Dica de Livro - "Filhos da Pátria" do escritor Angolano João Melo
Nem o relato mais jornalístico dá conta de tanta verdade. O angolano João Melo parece saber disso. Nos contos de Filhos da pátria – título mais do que acertado – ele reúne histórias que não retratam apenas a realidade; isso é pouco. O autor olha nos olhos de seus personagens e faz um clique armado, como se lhes roubasse a alma africana. Nada muito literário no sentido de um arranjo de texto artesanal, mas o que se conta é devastador. Pausa para uma breve explicação. Este é um livro de 2008. Não é lançamento, claro. Em tempo: a ideia da coluna não é comentar apenas lançamentos; um livro publicado há alguns anos pode merecer uma repescagem – por que não?

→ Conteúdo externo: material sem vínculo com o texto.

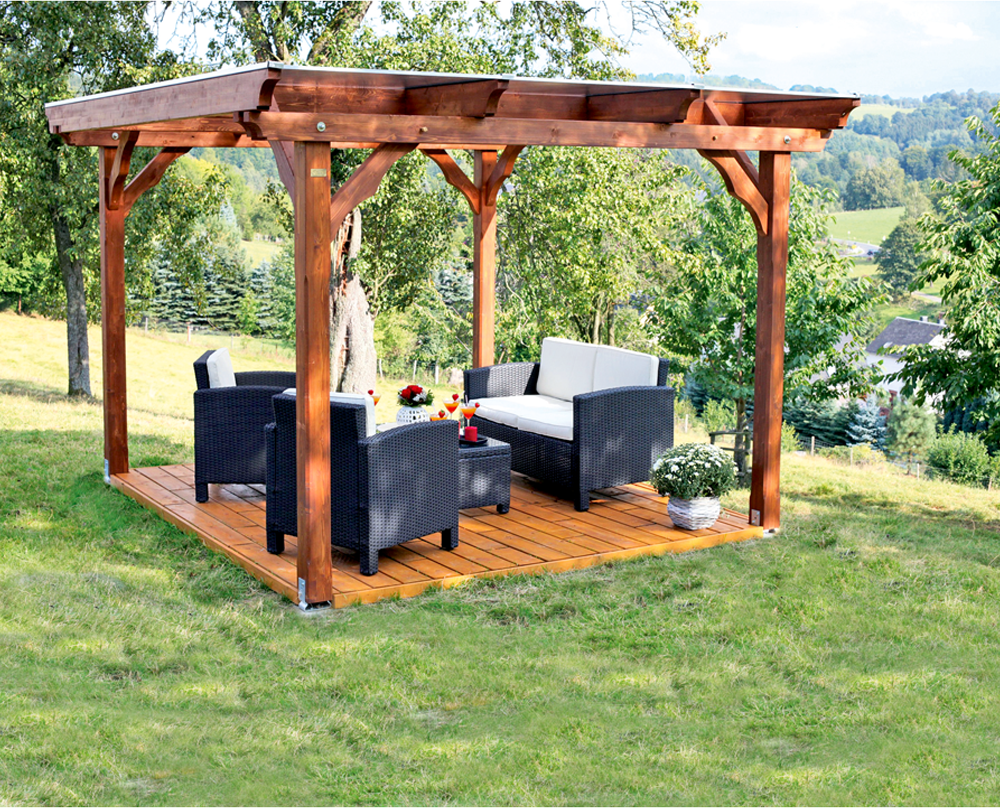 Pavillon 'Marseille' holzfarben 350 x 327 cm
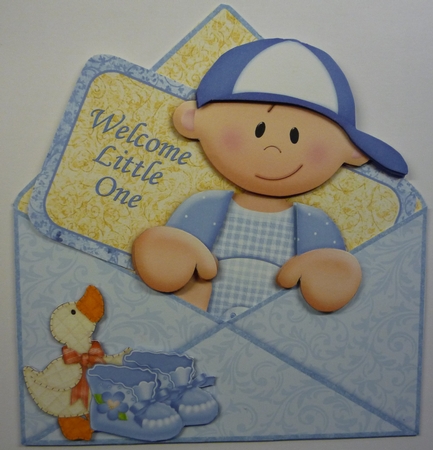 New Baby Boy Envelope Peeper Card 2 Sheet Mini Kit by Maida Blades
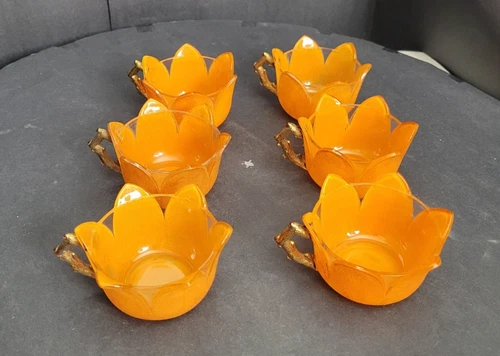 Vintage Westmoreland Orange Peel Lotus Flower Tea/Punch Glass Cups MCM Set of 6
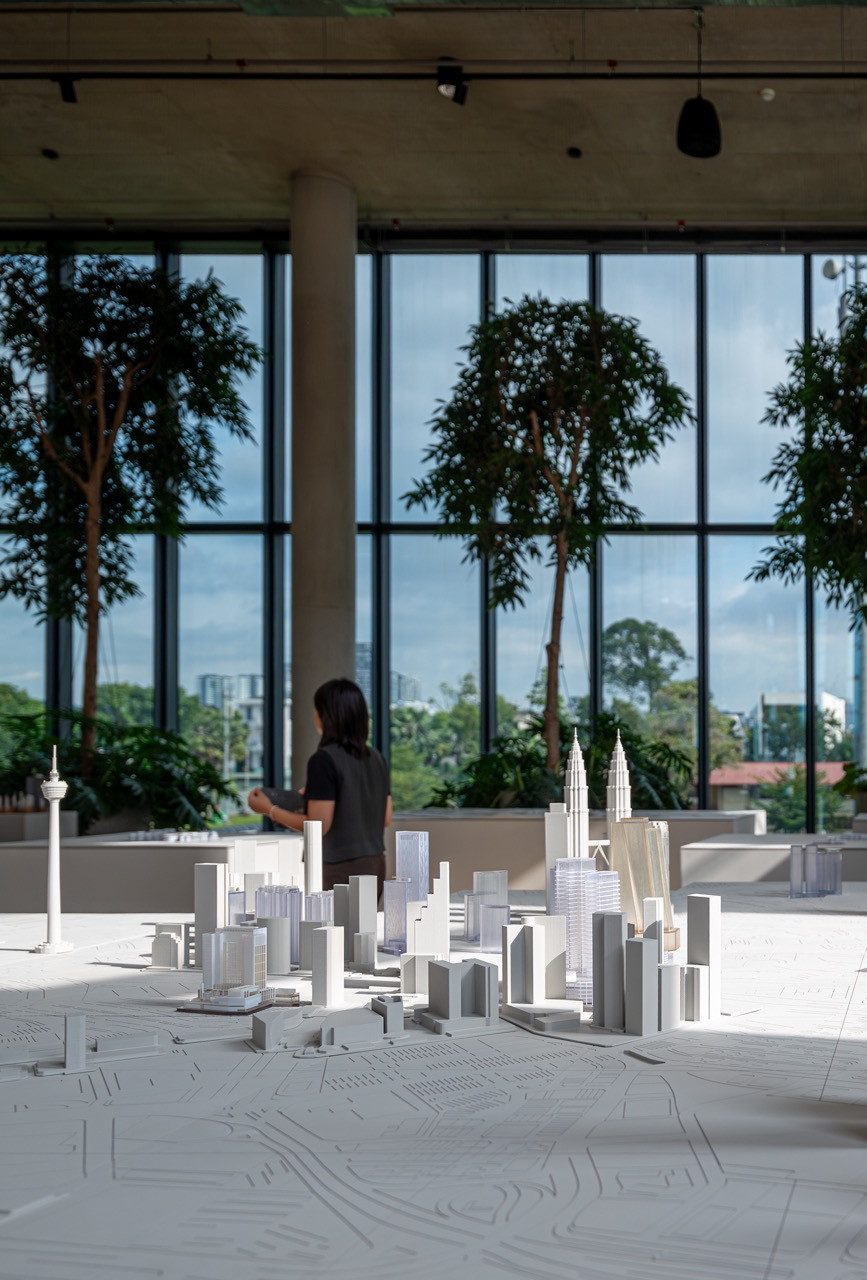 A detailed architectural model of Kuala Lumpur’s skyline, featuring the iconic Petronas Twin Towers, showcases GDP Architects’ significant contribution to shaping Malaysia’s urban landscape over 35 years of practice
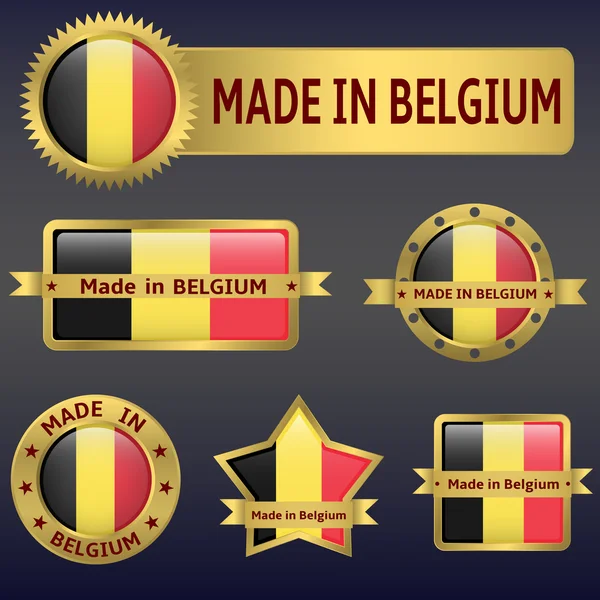 Fabricado en Bélgica — Vector de stock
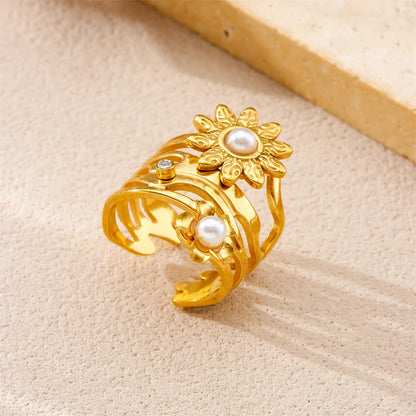 Boho Flower Pearl Inlay Gemstone Adjustable Gold Ring - Stainless Steel - Womens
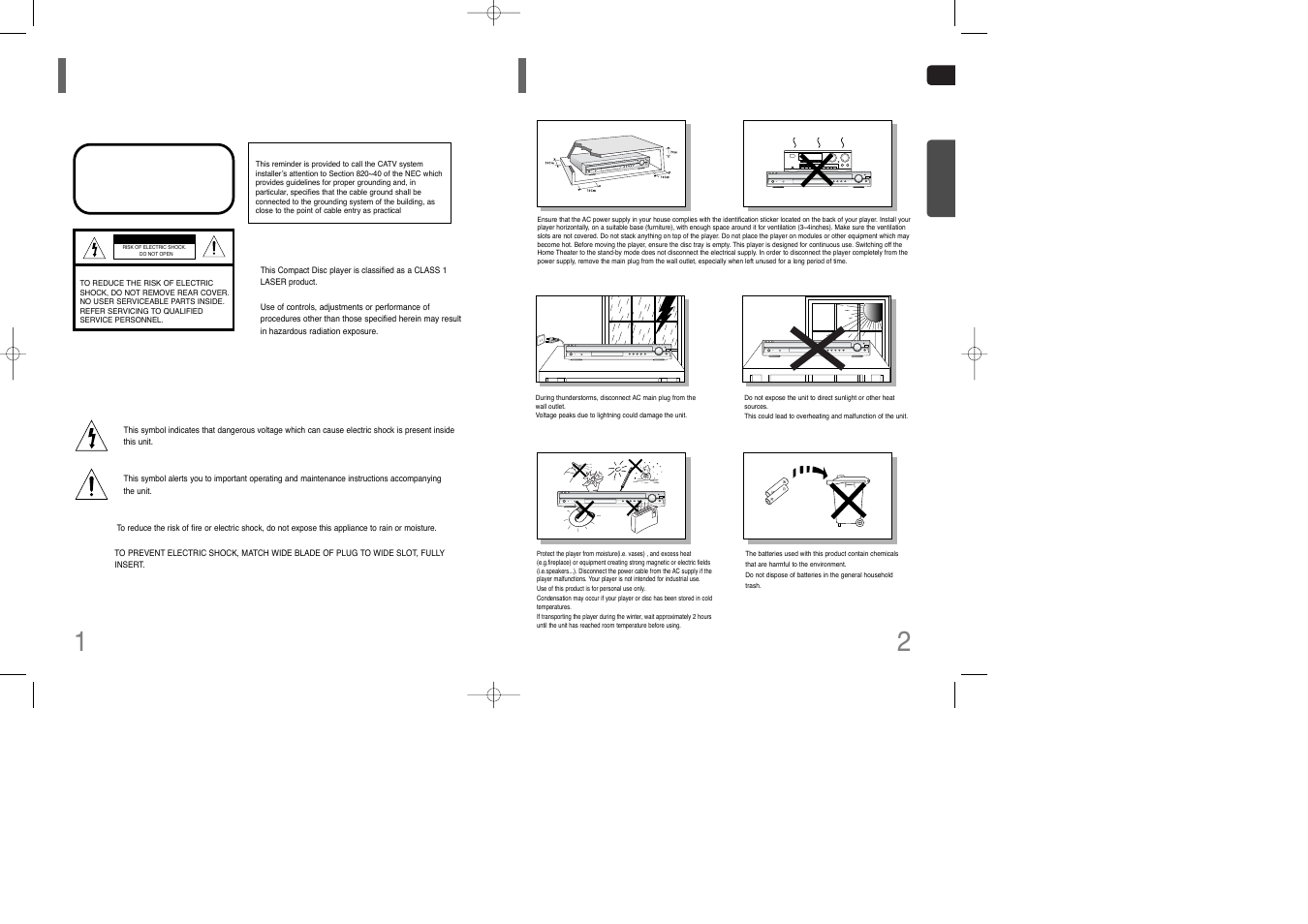 Safety warnings, Precautions, 12 safety warnings precautions | Phones | Samsung HT-TQ85 User Manual | Page 2 / 43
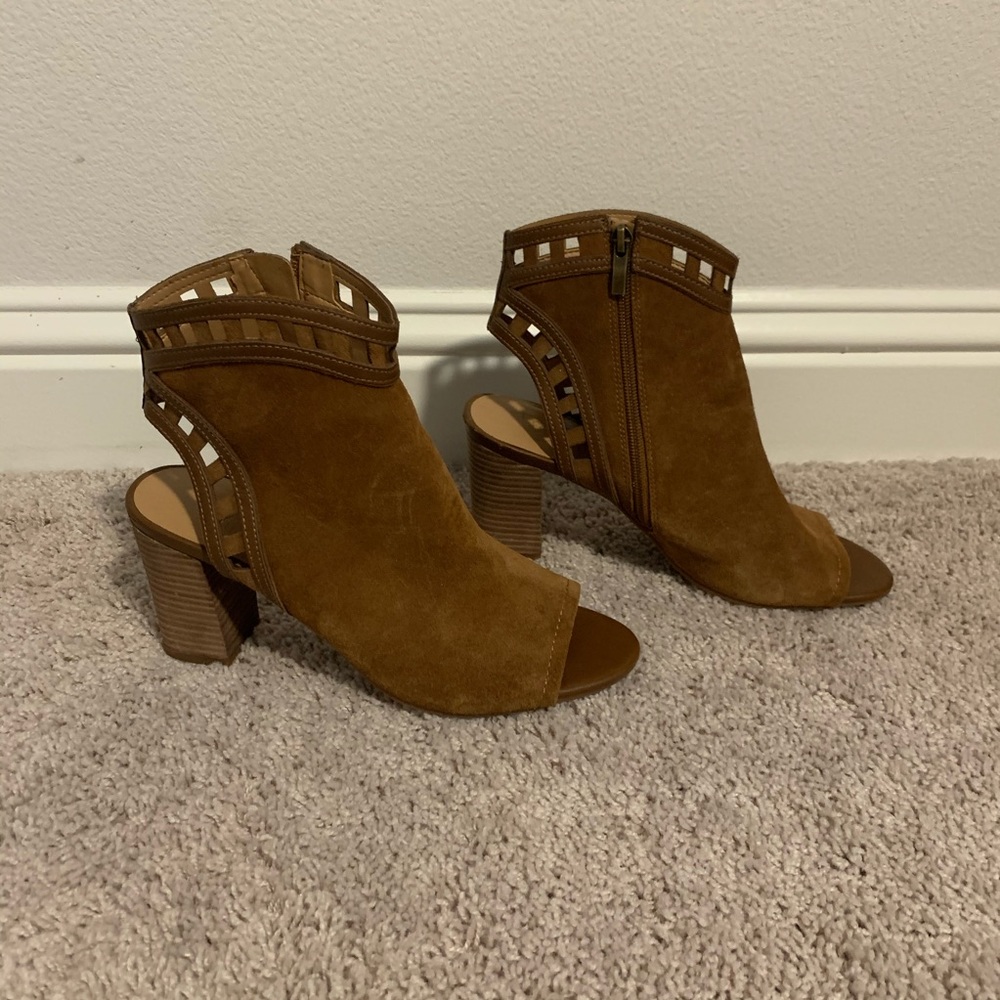 Franco Sarto suede open toe booties size 9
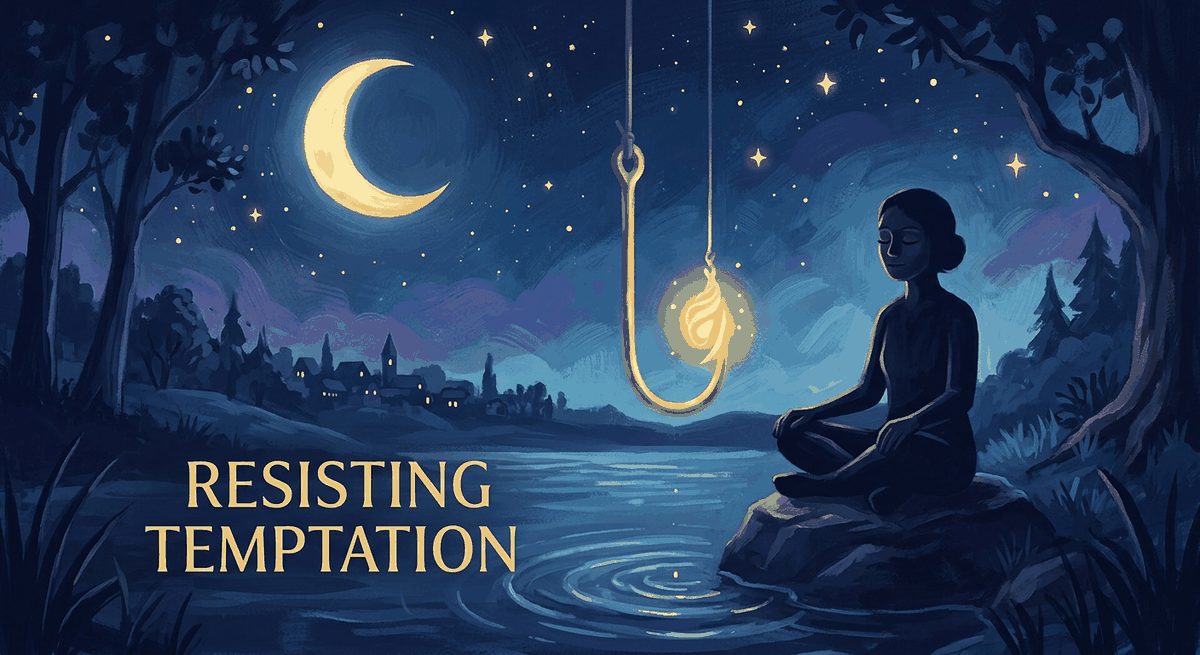 Ilustrasi kail memancing menggantung di depan sosok siluet yang diam menahan diri di latar malam biru dengan aksen emas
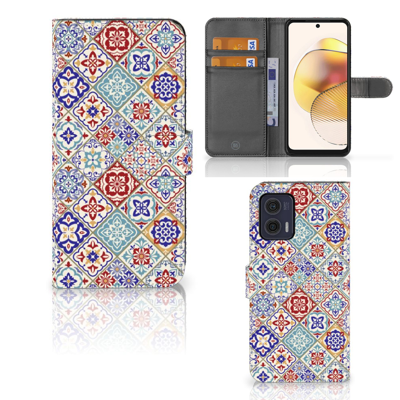 Motorola Moto G73 | Bookcase | Tiles Color Motorola Moto G73 | Bookcase | Tiles Color
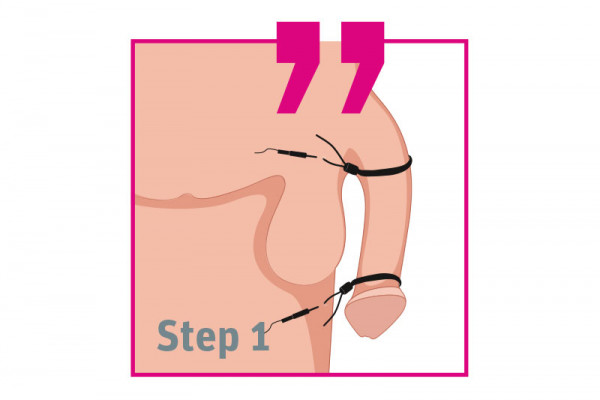 Krok 1 - aplikace stimulačních kroužků na penis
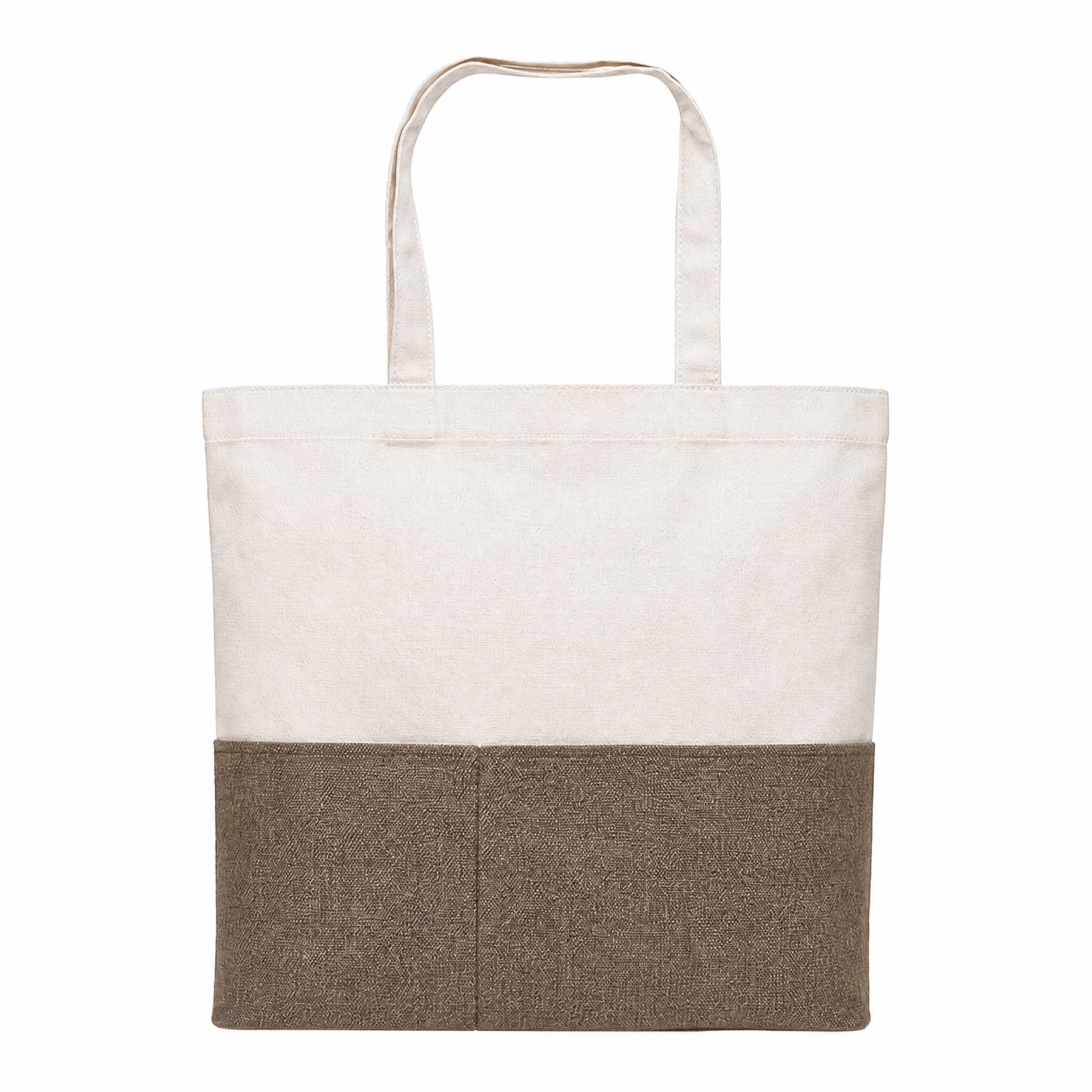 Dual-Fabric Tote with Pocket (Cotton/Burlap)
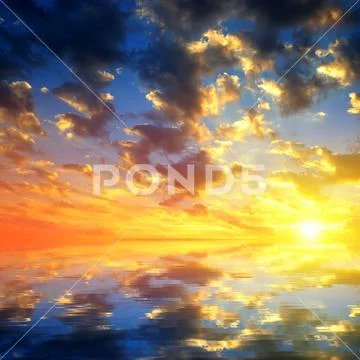 Colorful sky with clouds at sunset. Stock Photos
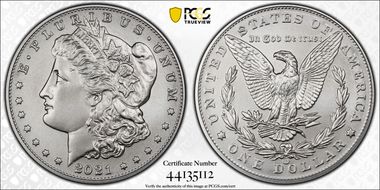 2021-CC Privy $1 Morgan Dollar 100th Anniversary MS69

O tema em foco na maioria das histórias de Filhos da pátria é sempre atual, já que fala dos deslocados da sorte e das disparidades sociais de um país eternamente em guerra, mesmo quando não declarada. A pigmentação da pele é tratada como um assunto muito relevante. João enumera os diversos tons de pele do povo angolano que vão desde o que chama “preto genuíno”, passando pelo pardo “tipo papel de embrulho”, o cinzento e, claro, o branco, que quase nunca é visto como um genuíno angolano, pois é confundido com os colonizadores.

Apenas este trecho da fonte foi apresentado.